»»

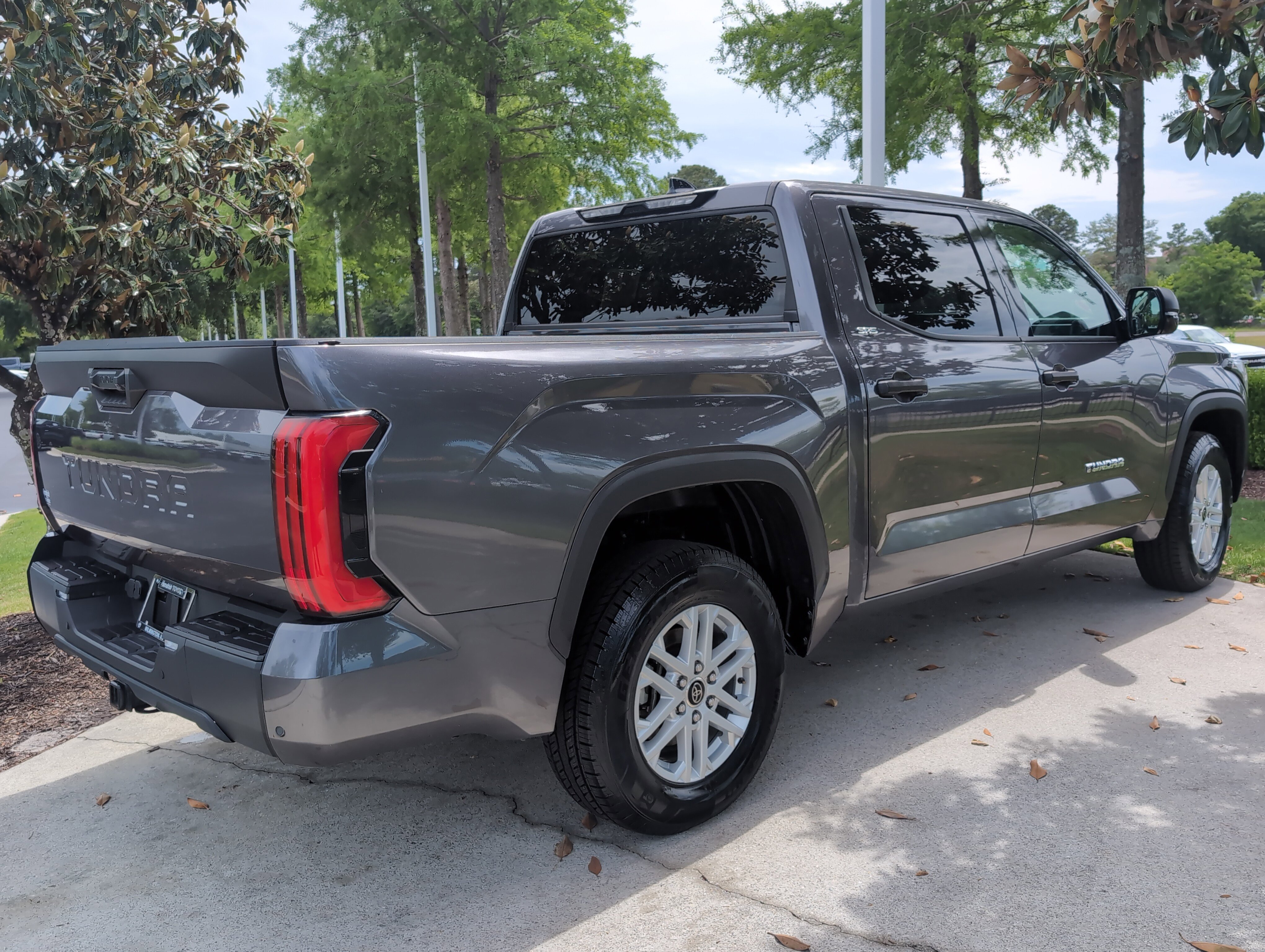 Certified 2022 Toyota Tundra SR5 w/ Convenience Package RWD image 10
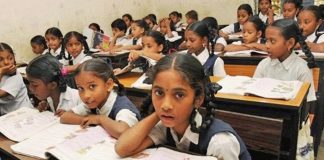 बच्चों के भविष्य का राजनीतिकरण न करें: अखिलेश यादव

««
»»

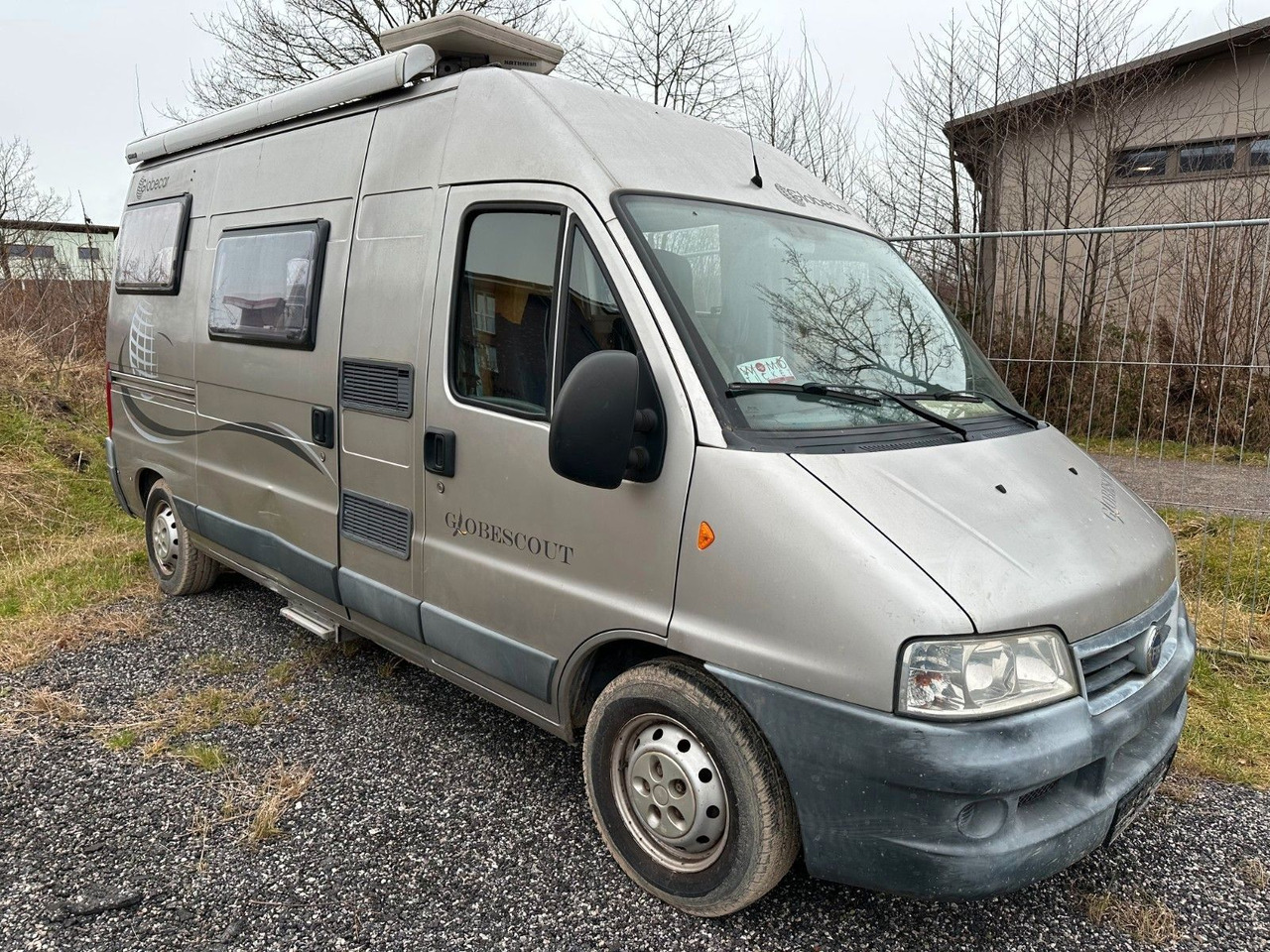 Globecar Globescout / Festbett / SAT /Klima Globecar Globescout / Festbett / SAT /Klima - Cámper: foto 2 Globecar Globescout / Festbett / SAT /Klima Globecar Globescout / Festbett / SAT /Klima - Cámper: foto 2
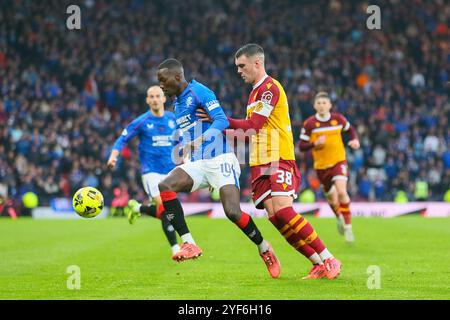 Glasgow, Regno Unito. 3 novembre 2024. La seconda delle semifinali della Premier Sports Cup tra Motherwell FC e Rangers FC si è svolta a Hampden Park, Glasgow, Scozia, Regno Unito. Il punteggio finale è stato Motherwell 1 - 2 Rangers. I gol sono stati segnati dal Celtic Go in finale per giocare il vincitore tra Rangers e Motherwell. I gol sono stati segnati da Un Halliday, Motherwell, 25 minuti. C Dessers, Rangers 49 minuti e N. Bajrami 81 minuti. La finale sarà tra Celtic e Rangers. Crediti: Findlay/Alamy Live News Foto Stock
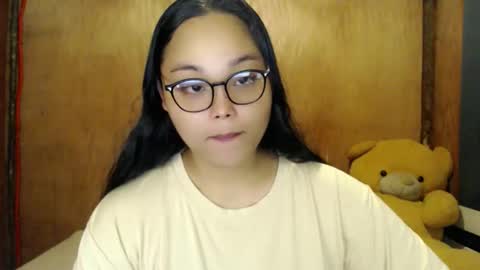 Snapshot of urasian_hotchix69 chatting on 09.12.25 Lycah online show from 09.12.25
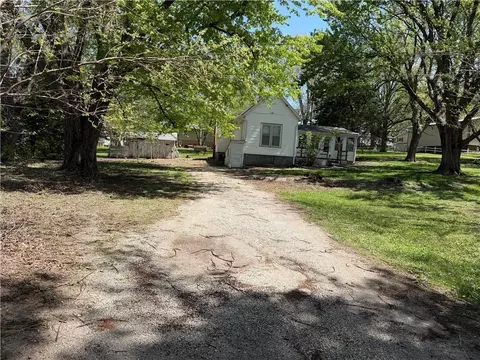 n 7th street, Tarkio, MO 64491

««
»»

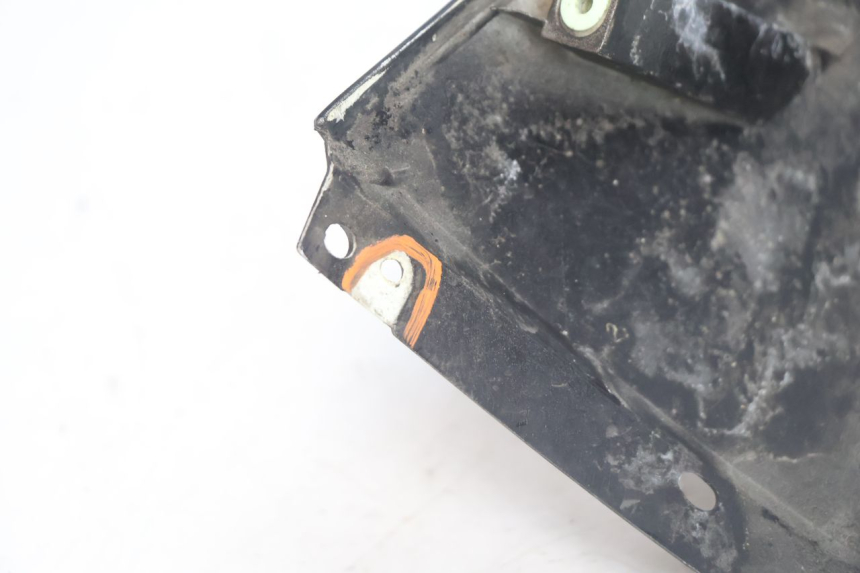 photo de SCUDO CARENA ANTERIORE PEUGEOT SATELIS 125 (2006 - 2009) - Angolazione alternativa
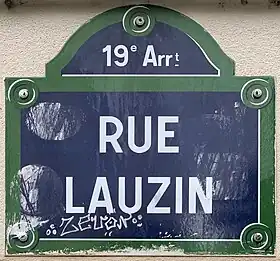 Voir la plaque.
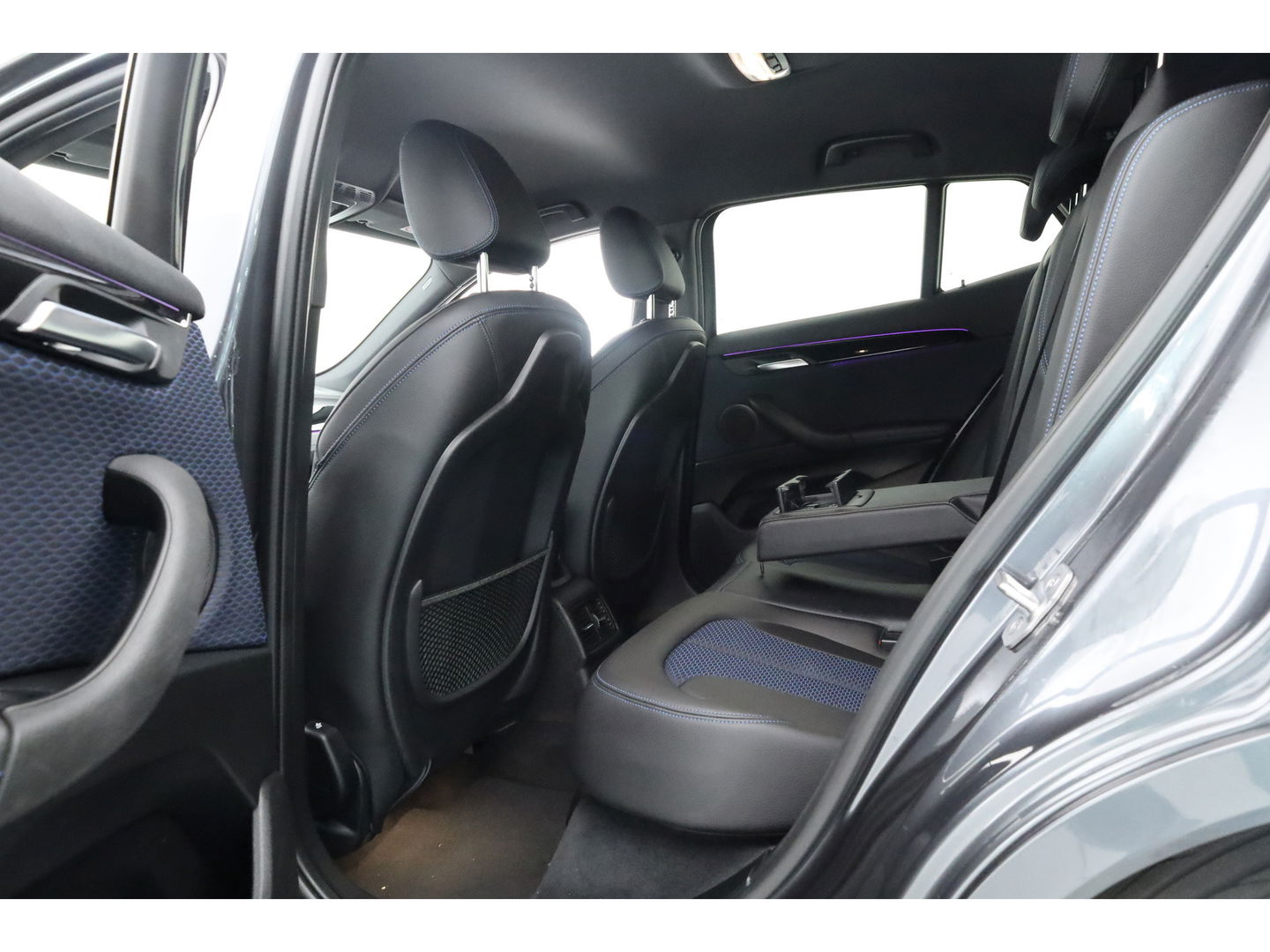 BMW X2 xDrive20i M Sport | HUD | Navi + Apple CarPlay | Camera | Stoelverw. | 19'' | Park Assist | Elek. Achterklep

««

■ **To do**: Above are some entries; copy exactly the lines from the line with "photo de SCUDO" through the line with "BMW X2 xDrive20i", both included, but none of the pictures.

■ **Written answer**:
 photo de SCUDO CARENA ANTERIORE PEUGEOT SATELIS 125 (2006 - 2009) - Angolazione alternativa
 Voir la plaque.
 BMW X2 xDrive20i M Sport | HUD | Navi + Apple CarPlay | Camera | Stoelverw. | 19'' | Park Assist | Elek. Achterklep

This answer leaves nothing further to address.